I took these pictures this morning – well, technically it was about 2 PM in the afternoon, but I had just woken up. I hadn’t washed my hair since sunday morning (it is now friday), I smelled bad, I had no bra on, my brows are a mess, I’ve got pimples and other blemishes on my face, but this was me this morning.
Recently, I’ve started realising, slowly, how rarely I see myself. REALLY see myself. I see others all the time, I see them in 3D; I see them happy, I see them loving, I see them sad. I see their smiles, and the look in their eyes when they talk about something they’re passionate about; I see their tears, and their frustration, when a test they should’ve aced, didn’t go as well as they’d hoped. I see the beauty in everyone I’ve ever met; I think everyone is enchantingly gorgeous in some way or another, especially when they stop trying to please other people and are happy with themselves.
Yet I’ve never been confident about the way I look. I’ve never really liked my face, I’ve never liked my body; I’ve always hated my nose, and the way my upper lashes don’t curl and my brows don’t naturally really have an arch, making me look annoyed or uninterested when I’m not actively trying not to.
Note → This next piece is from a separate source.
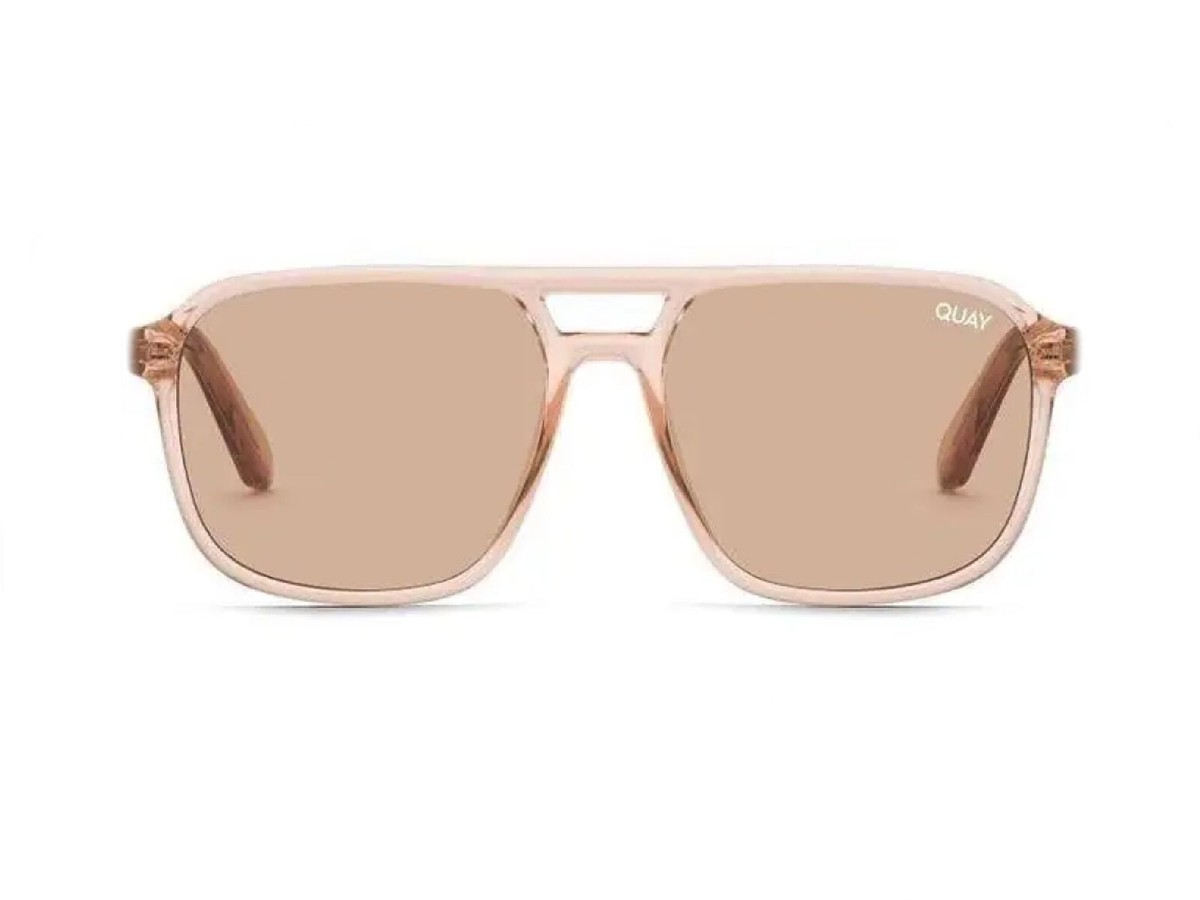 Quay Australia Tan Rectangular Sunglasses Quay_TellMeMore_CoffeeTortBrow  main image 3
I’ve always struggled with how thick my hair is, and the way none of the haircuts I’ve ever had, has made it look good enough for me to LOVE it, or to do anything with it. I don’t like how I don’t have defined cheekbones, making my face look chubby from the side; and I don’t like how my lips are not that full and how my bottom lip looks off when I talk sometimes.
When I look at these pictures, there are about 100 other things I could name that I dislike about myself. But I also see things that I’ve never seen before, not like this; I see moles on the side of my face, that I really like, but have somehow failed to notice when I’m looking in the mirror every day. I see how my eyes stand out, not only because of the colour they have (which obviously you can’t see in these pictures), but because they appear to be telling a story. I see different colours in my hair, lowlights and highlights, even though I’ve never dyed it in my life; and I see that my face is quite well proportioned, I think, there’s nothing too huge about it (not even my nose), and there’s nothing too tiny (not even my mouth).
It’s fine. My face is fine.
Even though I’m in a bad period, loving-myself wise – and even though I don’t think appearance really matters in this world, and I believe everyone should focus more on being happy and kind than on being beautiful – these pictures make me happy. Not because I think I look really good in them, but because I feel like I look fine, even though I’ve been stressed for weeks, and had already cried in bed that morning, and am tired. I’m finally starting to come to terms with what I look like, and I’m starting to learn that other people might see me the way I see them. And that’s a comforting thought.